PORTRAIT : Un très vieux catalpa

Un très vieux catalpa, sculpture naturelle aux maigres, longues et fascinantes branches serpentines, a cessé de rafraîchir la petite terrasse du Molí d’en Cassanyes. Il surplombe le bassin formé par la retenue d’un ruisseau né des Albères. Depuis longtemps, le moulin ne tourne plus. La vanne abrite le nid d’un mignon troglodyte. Ce rei menut en a fait son royaume. Un sillage dans l’eau glauque trahit une ondulante couleuvre, ivre de soleil, en quête d’une ombre secrète. Le vent affole les branches de deux platanes gigantesques plantés voilà deux cents ans. C’est là que vit et travaille Sébastien Frère.  Lieu riche de mémoire. Être le fils d’Henri Frère, très proche de Maillol, n’est pas innocent. J’imagine les deux sculpteurs déambulant sous les frondaisons, parmi les acanthes, dans ce libre et grand jardin naturel où vaguent des divinités telluriques. Là, peut-être, a germé le désir d’illustrer Virgile. Et la mère de Sébastien assure de sa forte présence la mémoire du poète Joseph Sébastien Pons, son père, dont le petit-fils porte l’un des prénoms. Ici, Sébastien redevient Sebastià. Voilà pour les sources, les pollens, les engrais de l’âme et du corps. L’ancrage est catalan. Les racines donnent à l’arbre ses branchages.

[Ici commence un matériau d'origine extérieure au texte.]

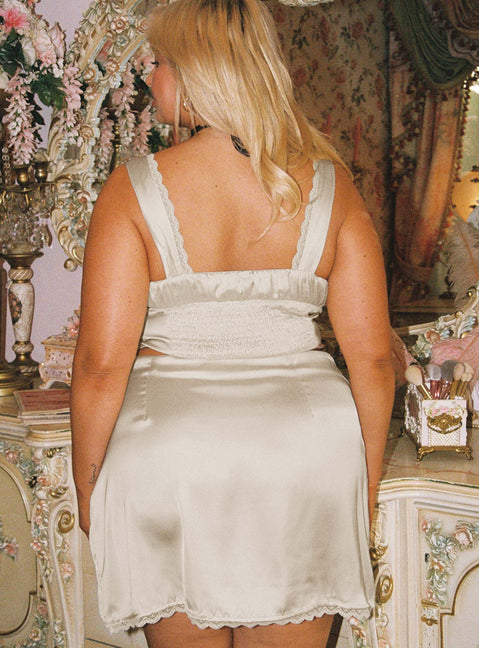 Matching set Satin material look, ruching on bust, lace trim detailing, fixed straps, invisible zip fastening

Restait à l’homme, artiste devenu, d’user à bon escient des outils majeurs et complémentaires: le regard et la main. Céramiste d’abord, pendant plus de quinze ans. J’ai connu de ces peintres qui ont mis la main à la glaise. Geste néolithique du découvreur de feu. Ils en ont toujours porté la marque. Sébastien Frère est des leurs. Je vois dans sa peinture les traces du plus vieil artisanat: empreintes, gravures, ciselures, grattages, enduits, couleurs mouvantes. Tout fait signe. Qu’importe de savoir si c’est le regard qui, comment et pourquoi, donne à la main l’ordre des frottis, des éraflures, des gommages et des transparences. Non, ce n’est pas le hasard qui peint, mais un homme dont le chemin est fait d’expériences, et qui invente. La critique n’est pas mon fort. Face à une œuvre, je ne sais que me taire. Pour mieux ressentir, absorber. Formuler l’émotion ou la sensation serait les détruire. Il est vain de revenir à la question périmée: abstrait ou figuratif ? Nous savons, depuis les Fauves et les Cubistes, que le sujet  ne fait pas la peinture. L’œuvre est la seule réalité qui importe, et non la pomme ou la Sainte Victoire. La peinture est son propre sujet.

Encore un mot : Sébastien Frère, céramiste, maître du feu, possède l’art de cuire les nourritures. Ses plats sont des peintures comestibles. Là encore se retrouve, qualité hautement catalane, un savoir-faire incrusté dans la mémoire ancestrale. Il faut de l’œil, du nez, de l’oreille, du goût, et du tour de main. Les cinq sens en action, dans ce pays de toutes les gourmandises où le grand art est de vivre.